Founding SCAA President and co-author of the “vote no” paper Donald Schoenholt told Sprudge in a phone interview that his worry is for “the little guy, the individuals,” voicing concern that “the individual is going to be gone and replaced by the great collective. And if the membership wants that, that’s their right to decide. But if the membership realizes that…they might not vote the way the leadership wants them to vote.”
“The idea [of unification] is not a bad idea,” Schoenholt continued, “but this has been done so very badly. This has been done with such lack of grace, it’s making people who should be on your side be your adversary. In any merger situation—the term ‘unification’ is a very politically charged phrase, and was chosen to elicit positive responses by voters and listeners—there’s something about every merger that can go badly that you don’t anticipate. It’s the law of unintended consequences.”

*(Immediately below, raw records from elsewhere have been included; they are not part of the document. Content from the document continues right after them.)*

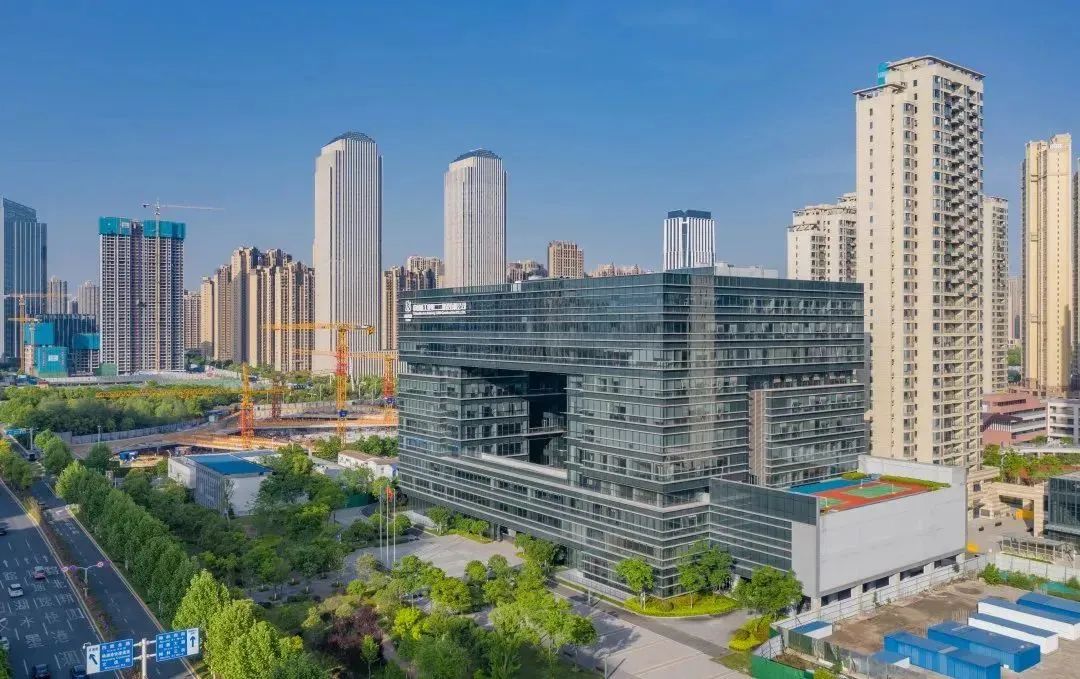 巖星特刊|展陳有朝氣 文創(chuàng)接地氣——企業(yè)博物館創(chuàng)新與可持續(xù)運(yùn)營(yíng)觀察插圖(8) 圖片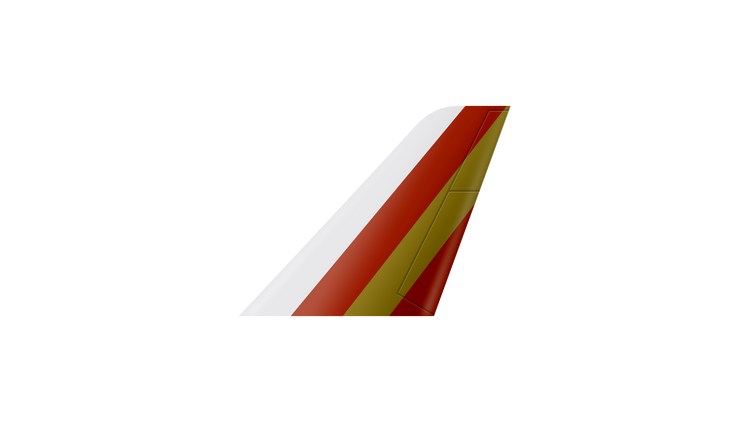 Kalitta Air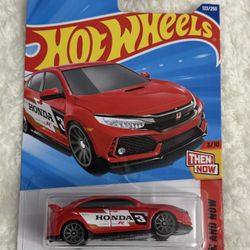 Hotwheels (toys)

Schoenholt, the de facto leader of “No” vote, isn’t aware of a grassroots movement to resist the merger beyond private emails and Facebook comments. When asked if there was a wide-reaching member movement, Schoenholt conceded, “If there are, and I would hope there are, I don’t know of them.” To some, the division seems to be drawn along generational lines; many of the protesting past presidents served before today’s generation of coffee small business owners and Barista Guild members started coffee careers.
For their part, SCAA leaders are cautiously optimistic about the coming voting results (and thrilled by the previous returns from Europe). When asked what members could expect should the vote pass, Rhinehart told Sprudge, “If you’re engaged, you’ll notice having more resources and things like more camps, more training, more competitions, and more opportunities to interact with the association.”
But don’t mistake unification for a sure thing. “What we have seen is that the anti-unifying forces are energetic, and are making their voices heard,” says Giuliano. “I don’t want to take anything for granted. People thought Brexit was no way, and then look what happened.”
SCAA/SCAE unification voting for SCAA members began on July 5th and will conclude on August 5th. For more on the vote, check out Liz Clayton’s coverage for Sprudge from May 2016.
We still don’t know what’s happening with the “i”.
This story is developing…
*Figures on SCAA, SCAE & World Coffee Events corporate scale quoted from SCAA Director Ric Rhinehart at the SCAA Unification Member Forum in Portland, Oregon on July 12th, 2016.